-------- Data under study --------
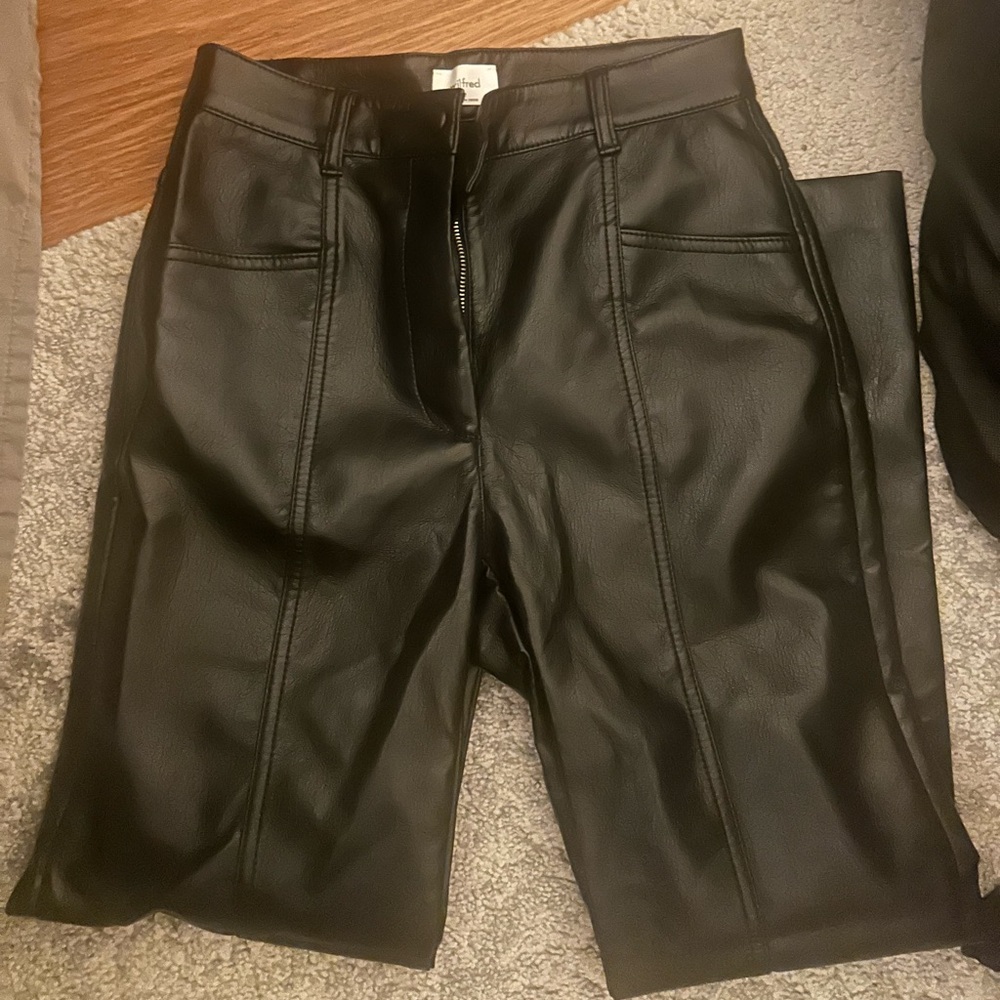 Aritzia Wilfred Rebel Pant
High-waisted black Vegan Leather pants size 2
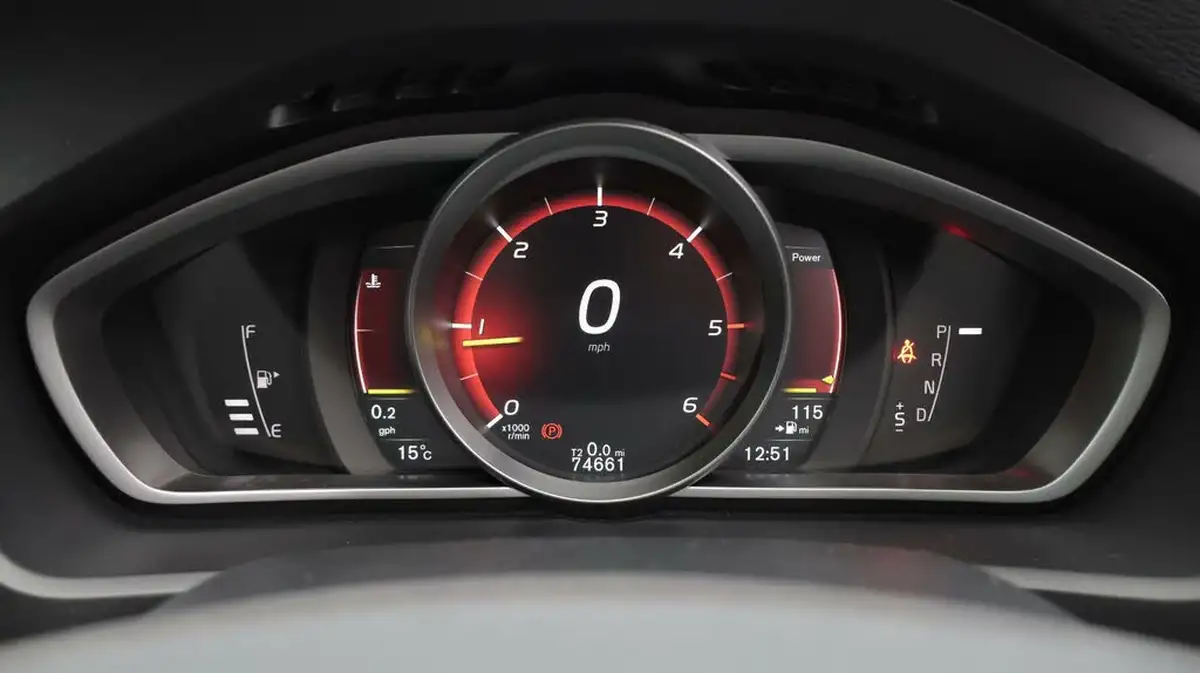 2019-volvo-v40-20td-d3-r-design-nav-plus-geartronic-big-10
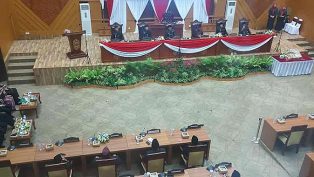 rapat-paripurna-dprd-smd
--------
-------- Data under study --------
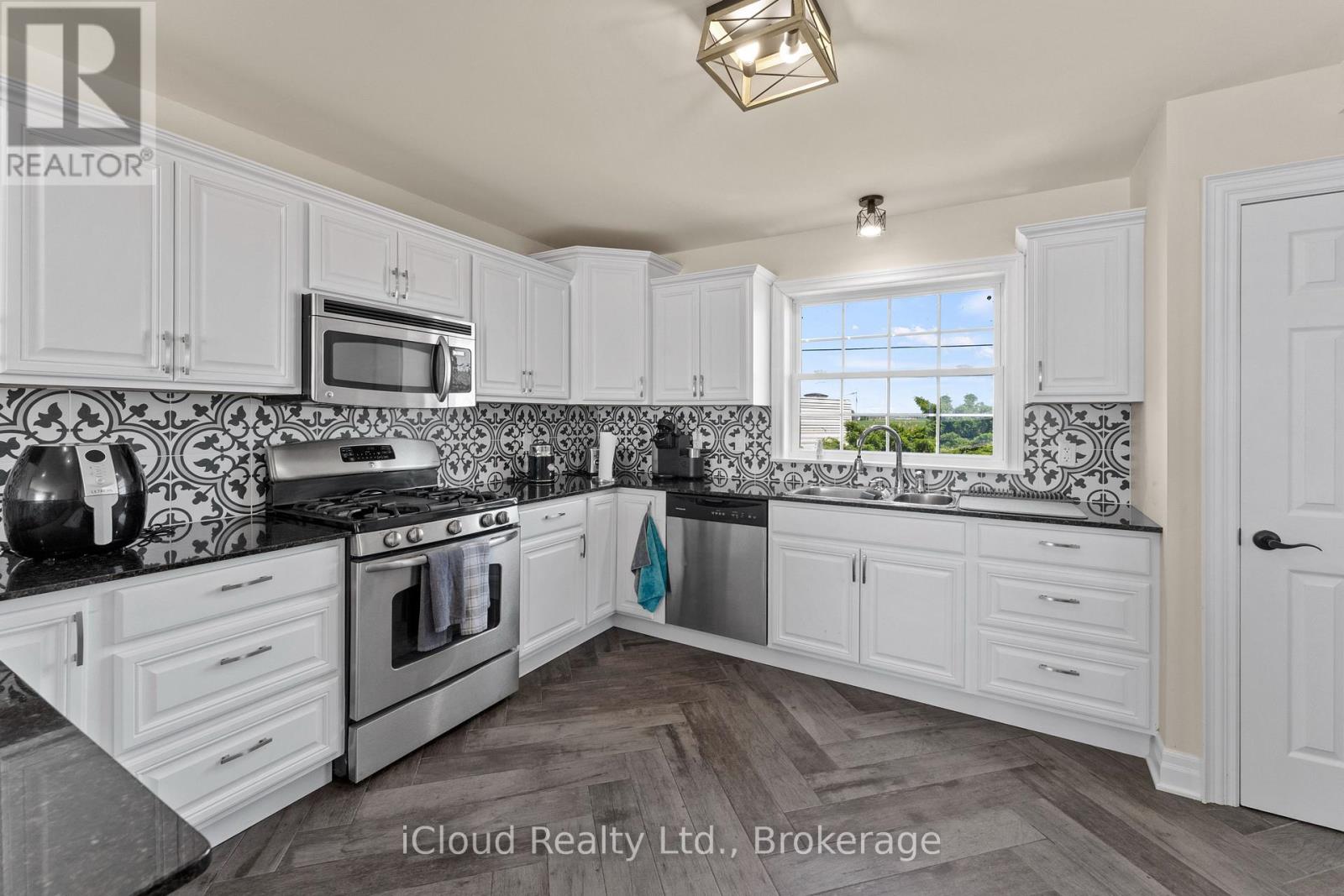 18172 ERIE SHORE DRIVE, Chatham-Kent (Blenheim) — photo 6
--------
-------- Data under study --------
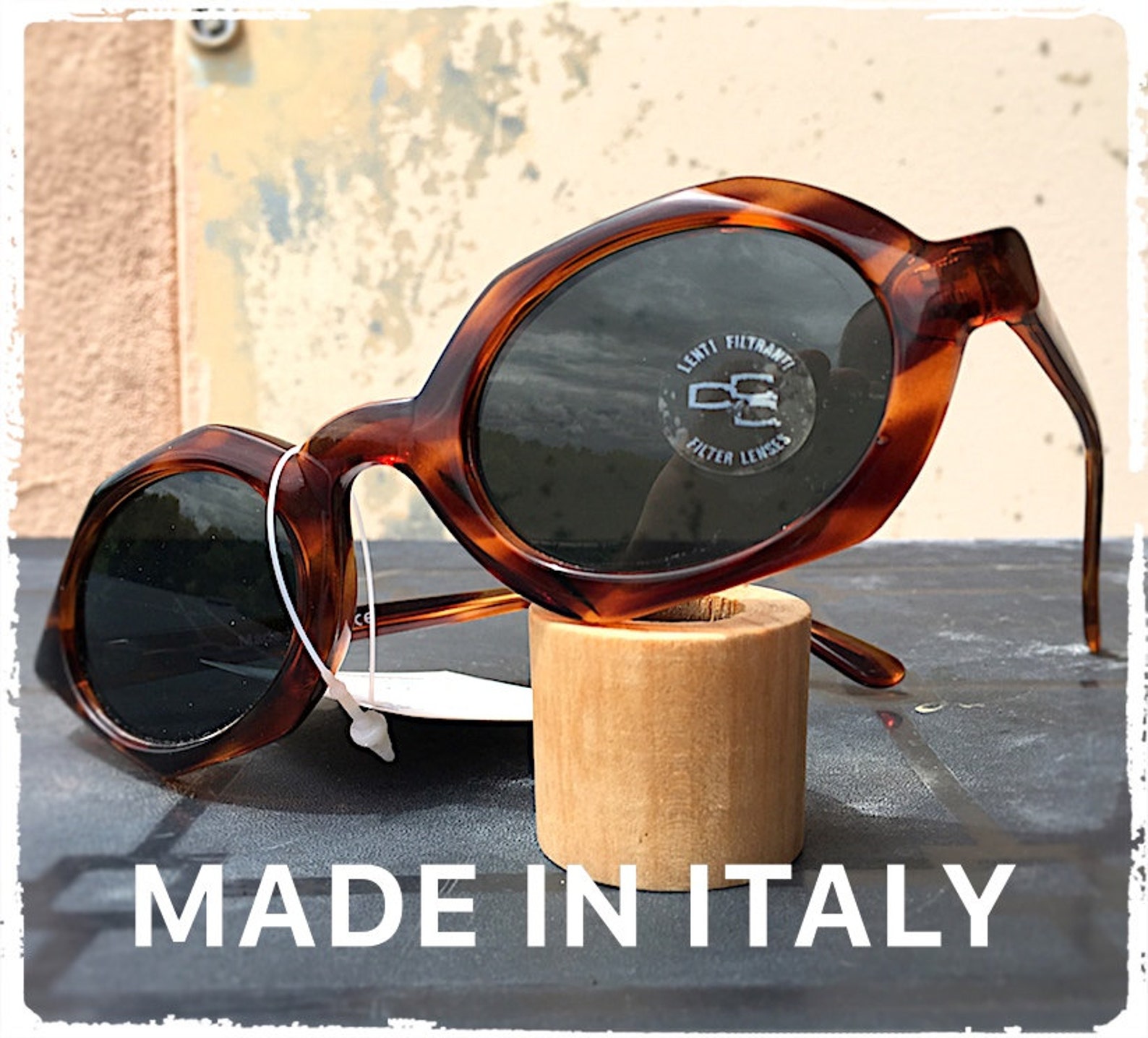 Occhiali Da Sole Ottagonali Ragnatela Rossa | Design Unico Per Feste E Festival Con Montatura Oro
--------
The answer is the lines of the material above, from the one containing "Aritzia Wilfred Rebel Pant" down to the one containing "rapat-paripurna-dprd-smd", given exactly and without images.

 Aritzia Wilfred Rebel Pant
High-waisted black Vegan Leather pants size 2
 2019-volvo-v40-20td-d3-r-design-nav-plus-geartronic-big-10
 rapat-paripurna-dprd-smd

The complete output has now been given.